» GIVEN DATA
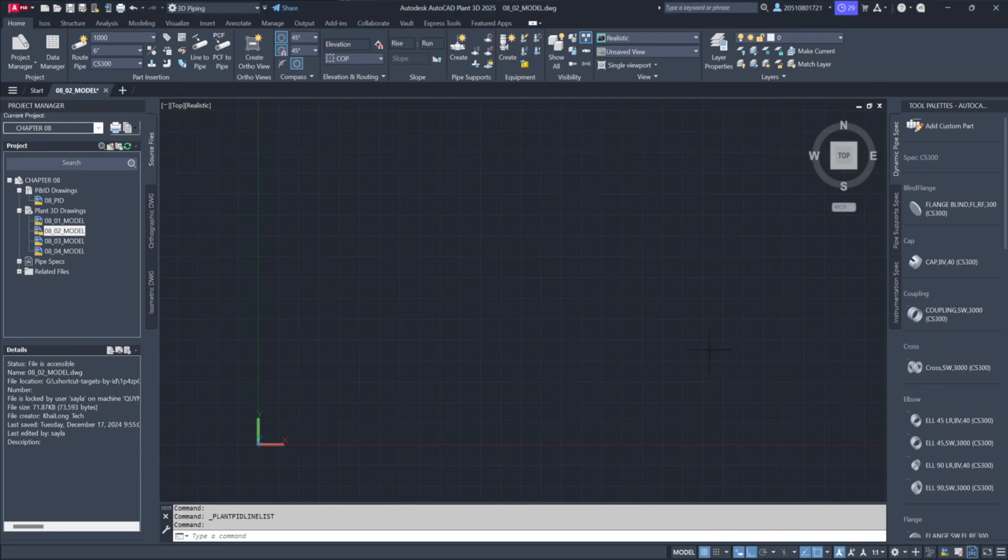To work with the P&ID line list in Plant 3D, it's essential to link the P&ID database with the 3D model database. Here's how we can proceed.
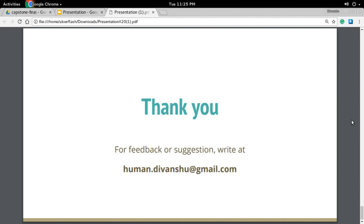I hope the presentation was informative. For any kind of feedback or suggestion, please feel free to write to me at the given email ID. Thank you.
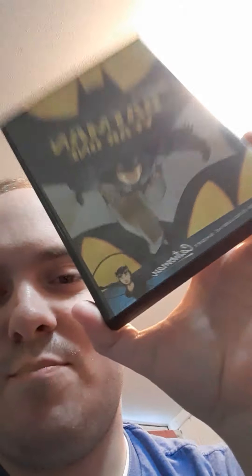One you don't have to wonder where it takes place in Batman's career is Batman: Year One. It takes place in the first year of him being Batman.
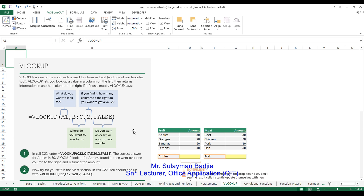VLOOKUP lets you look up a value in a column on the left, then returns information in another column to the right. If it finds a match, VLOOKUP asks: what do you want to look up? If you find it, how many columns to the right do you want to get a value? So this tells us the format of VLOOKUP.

* * *

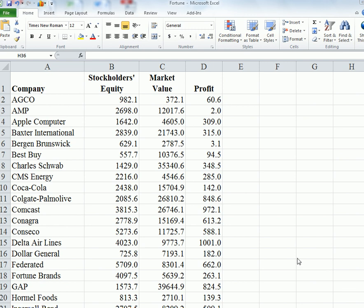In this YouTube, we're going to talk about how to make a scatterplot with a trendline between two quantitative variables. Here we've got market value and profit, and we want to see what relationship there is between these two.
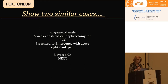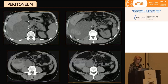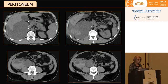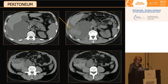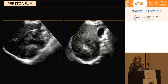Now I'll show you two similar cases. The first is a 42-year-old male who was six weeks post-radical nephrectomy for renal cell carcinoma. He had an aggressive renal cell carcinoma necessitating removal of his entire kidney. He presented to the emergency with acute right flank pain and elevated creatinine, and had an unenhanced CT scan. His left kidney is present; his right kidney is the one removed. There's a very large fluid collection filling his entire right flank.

» GOAL OF THE EXERCISE
In the entries above, find the line containing "One you don't" and the line containing "VLOOKUP lets you"; give again exactly those two lines and every line between them, minus the pictures.

» EXERCISE OUTPUT
One you don't have to wonder where it takes place in Batman's career is Batman: Year One. It takes place in the first year of him being Batman.
VLOOKUP lets you look up a value in a column on the left, then returns information in another column to the right. If it finds a match, VLOOKUP asks: what do you want to look up? If you find it, how many columns to the right do you want to get a value? So this tells us the format of VLOOKUP.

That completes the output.